_Exercise instructions_:
In the data below, set down exactly the lines from the one containing "Mango Ice Al" up to and including the one containing "Montane AntiFreeze XT". Leave the pictures out.
=== Exercise inputs ===
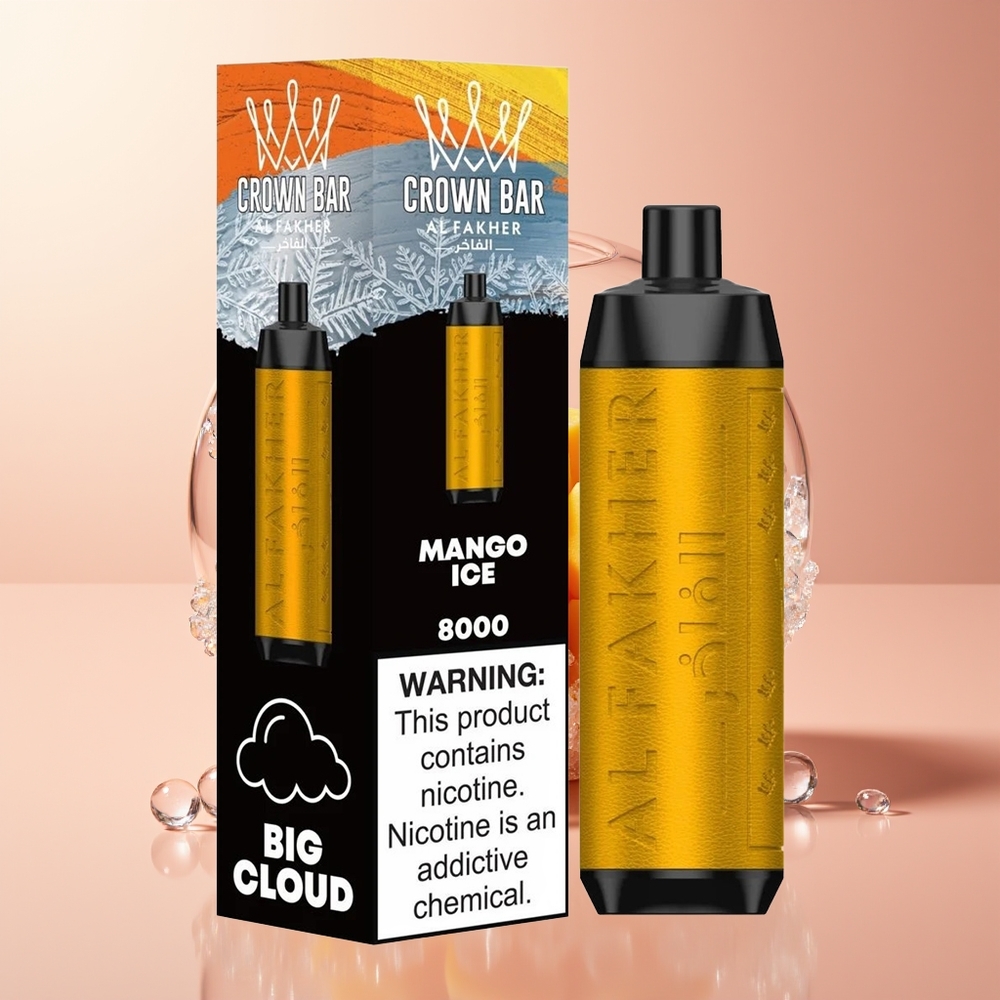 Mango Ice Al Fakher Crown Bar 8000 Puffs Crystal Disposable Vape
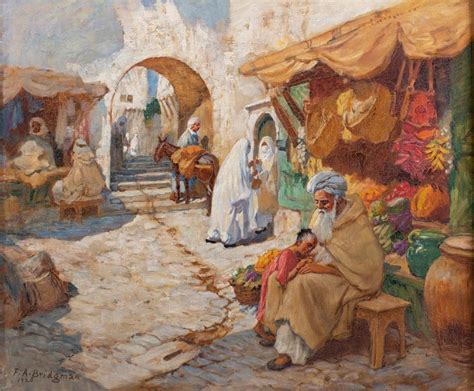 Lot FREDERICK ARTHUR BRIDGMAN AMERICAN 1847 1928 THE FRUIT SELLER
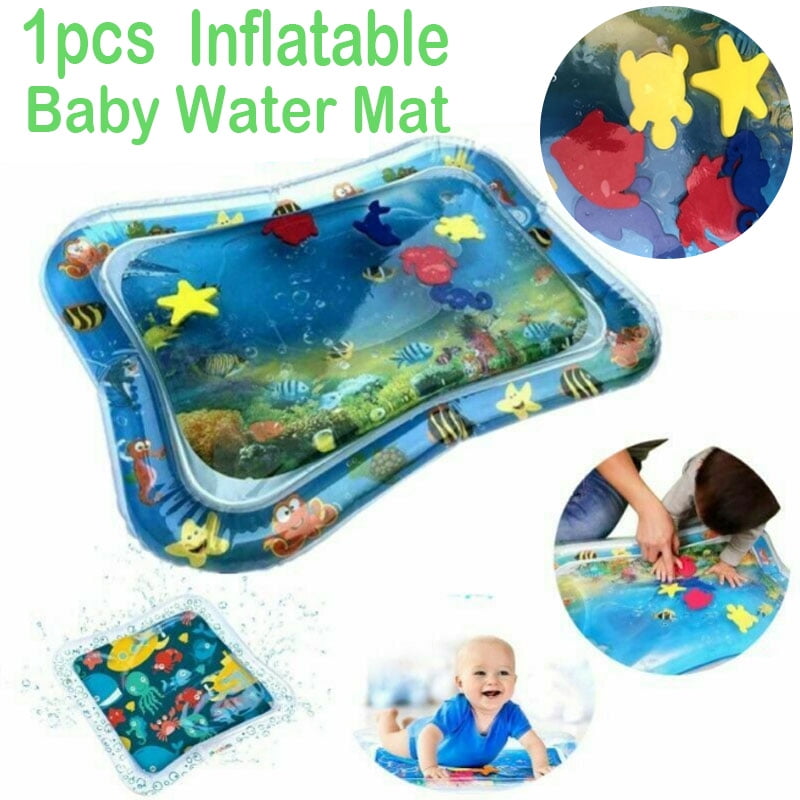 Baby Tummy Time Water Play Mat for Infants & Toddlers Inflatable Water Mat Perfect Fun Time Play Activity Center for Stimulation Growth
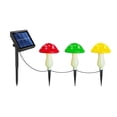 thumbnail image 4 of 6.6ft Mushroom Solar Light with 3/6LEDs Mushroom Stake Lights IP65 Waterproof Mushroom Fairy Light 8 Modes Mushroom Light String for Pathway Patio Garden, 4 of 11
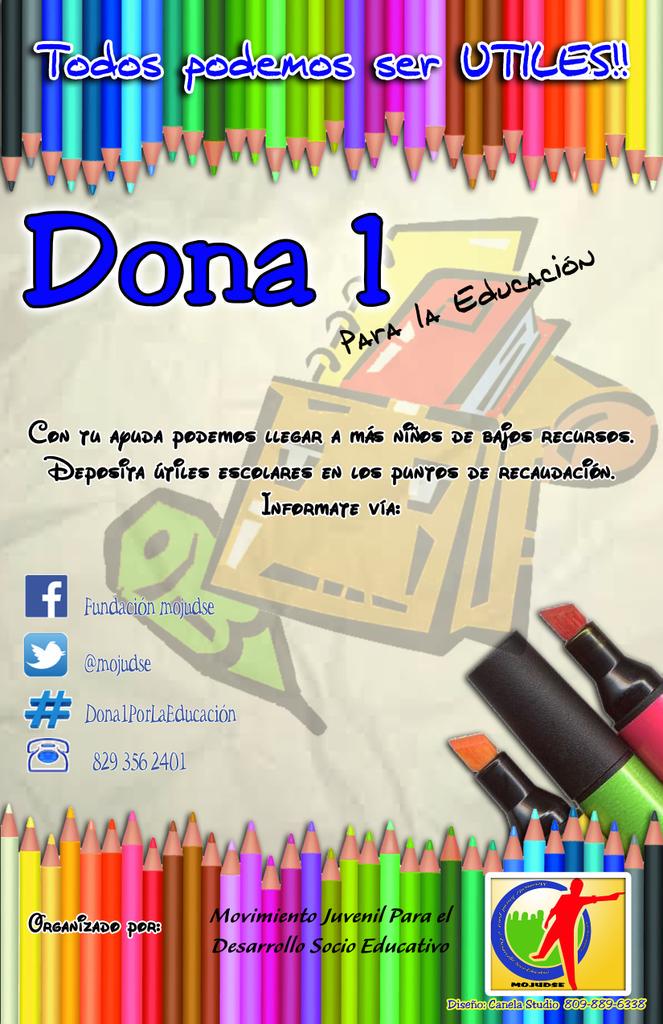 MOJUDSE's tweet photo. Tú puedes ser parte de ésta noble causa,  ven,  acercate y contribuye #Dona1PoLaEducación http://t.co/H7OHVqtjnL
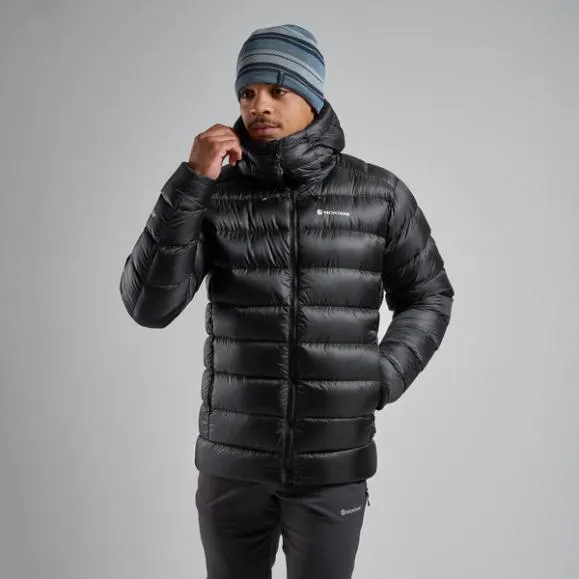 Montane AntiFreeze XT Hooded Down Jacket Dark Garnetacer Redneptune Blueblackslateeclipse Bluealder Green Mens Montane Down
===
=== Exercise inputs ===
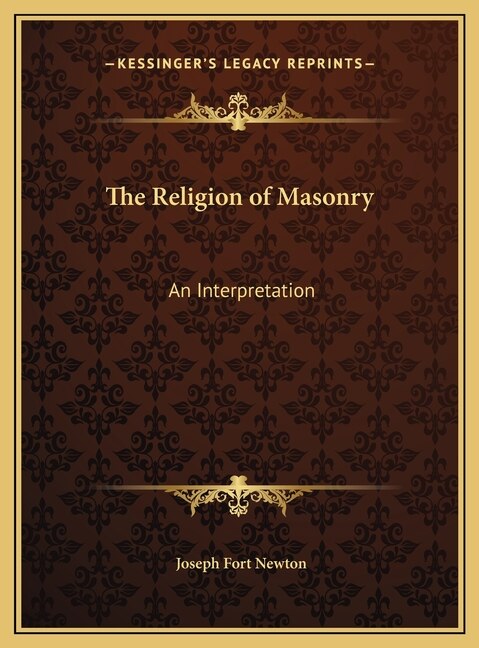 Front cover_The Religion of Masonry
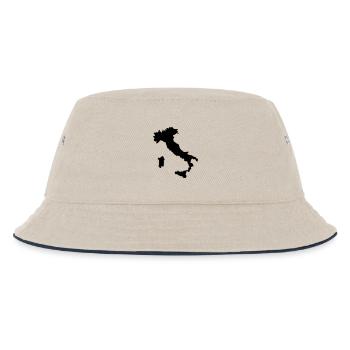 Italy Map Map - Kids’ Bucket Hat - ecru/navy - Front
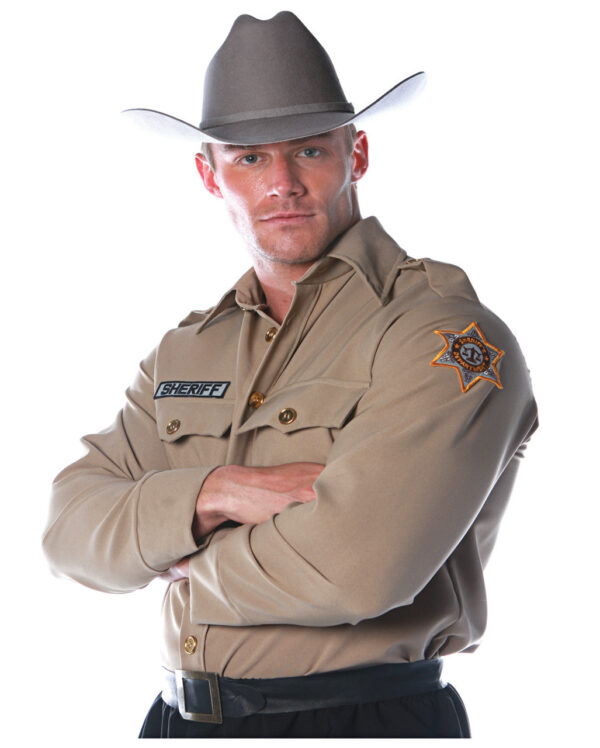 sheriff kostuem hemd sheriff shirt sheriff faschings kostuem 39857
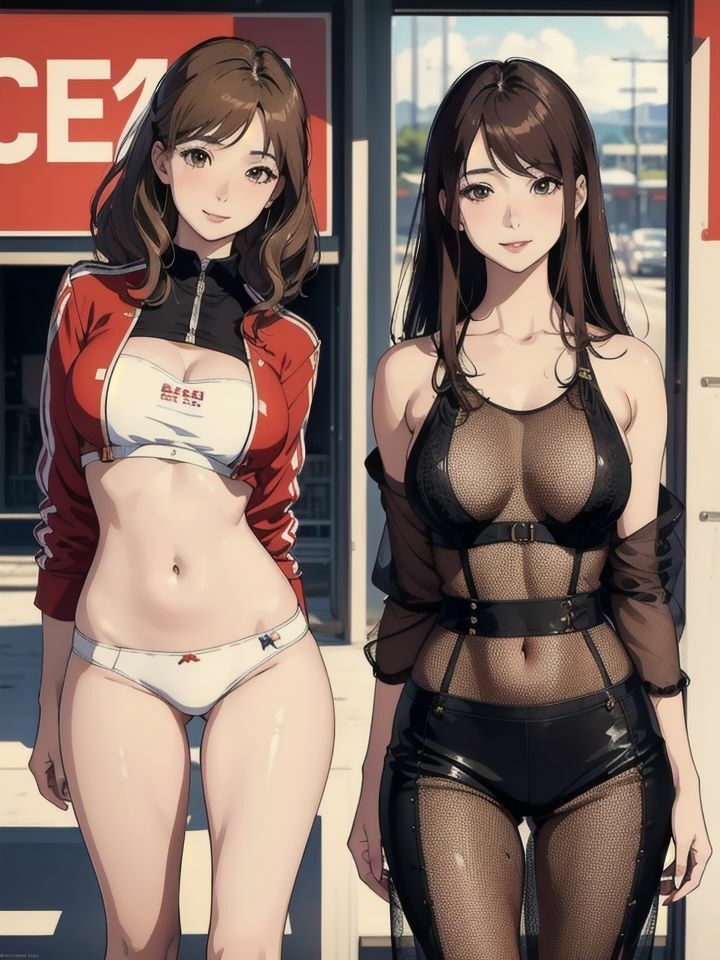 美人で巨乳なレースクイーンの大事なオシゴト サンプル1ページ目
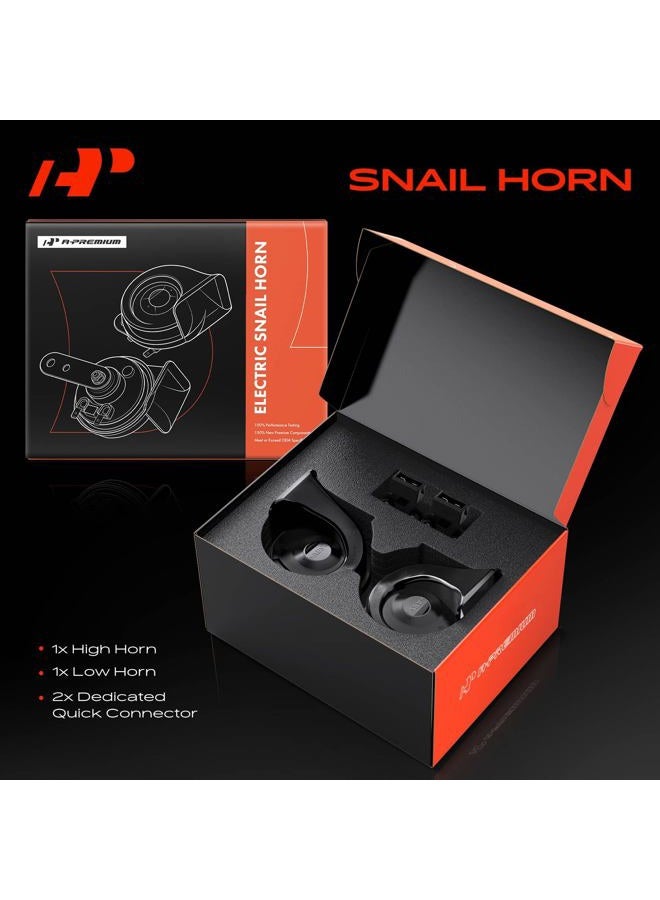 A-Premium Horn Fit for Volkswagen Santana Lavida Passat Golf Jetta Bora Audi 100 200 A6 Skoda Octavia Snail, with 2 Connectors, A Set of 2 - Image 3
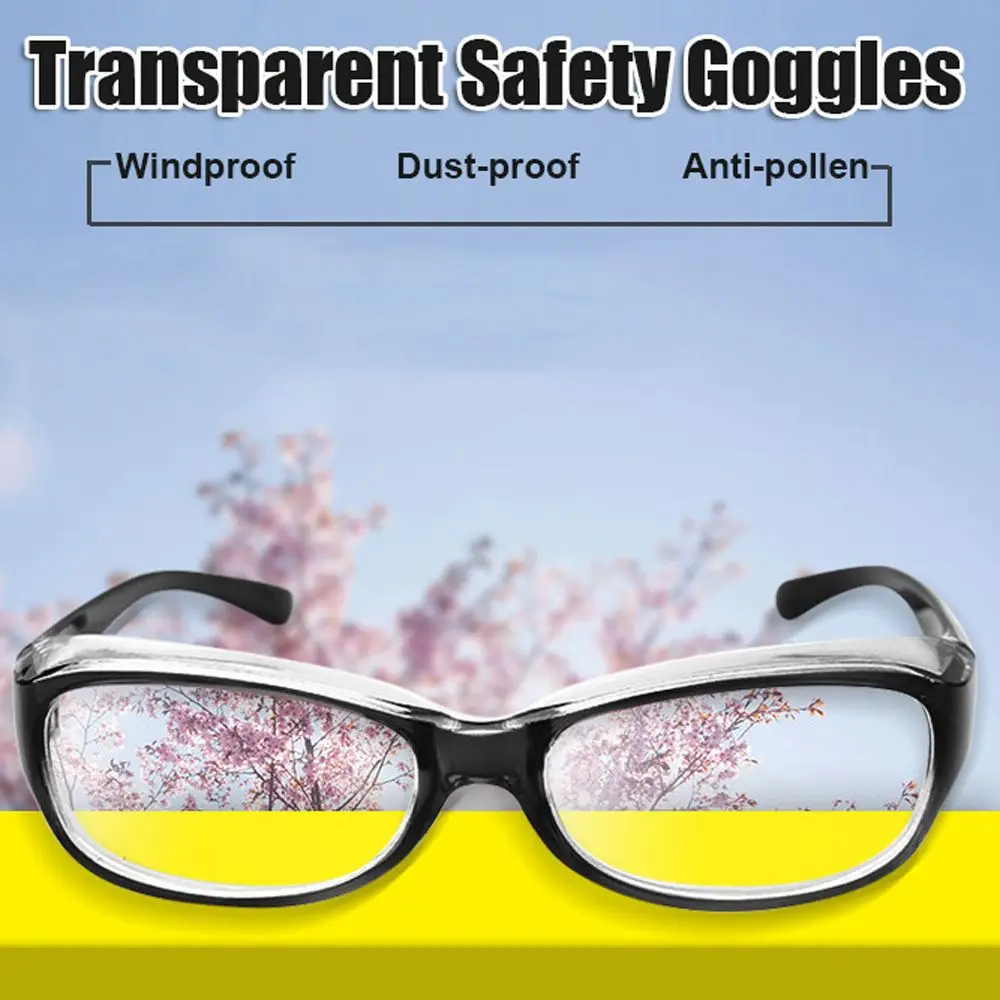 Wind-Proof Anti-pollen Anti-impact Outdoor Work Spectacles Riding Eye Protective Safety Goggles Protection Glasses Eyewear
===
_Your response_:
 Mango Ice Al Fakher Crown Bar 8000 Puffs Crystal Disposable Vape
 Lot FREDERICK ARTHUR BRIDGMAN AMERICAN 1847 1928 THE FRUIT SELLER
 Baby Tummy Time Water Play Mat for Infants & Toddlers Inflatable Water Mat Perfect Fun Time Play Activity Center for Stimulation Growth
 thumbnail image 4 of 6.6ft Mushroom Solar Light with 3/6LEDs Mushroom Stake Lights IP65 Waterproof Mushroom Fairy Light 8 Modes Mushroom Light String for Pathway Patio Garden, 4 of 11
 MOJUDSE's tweet photo. Tú puedes ser parte de ésta noble causa,  ven,  acercate y contribuye #Dona1PoLaEducación http://t.co/H7OHVqtjnL
 Montane AntiFreeze XT Hooded Down Jacket Dark Garnetacer Redneptune Blueblackslateeclipse Bluealder Green Mens Montane Down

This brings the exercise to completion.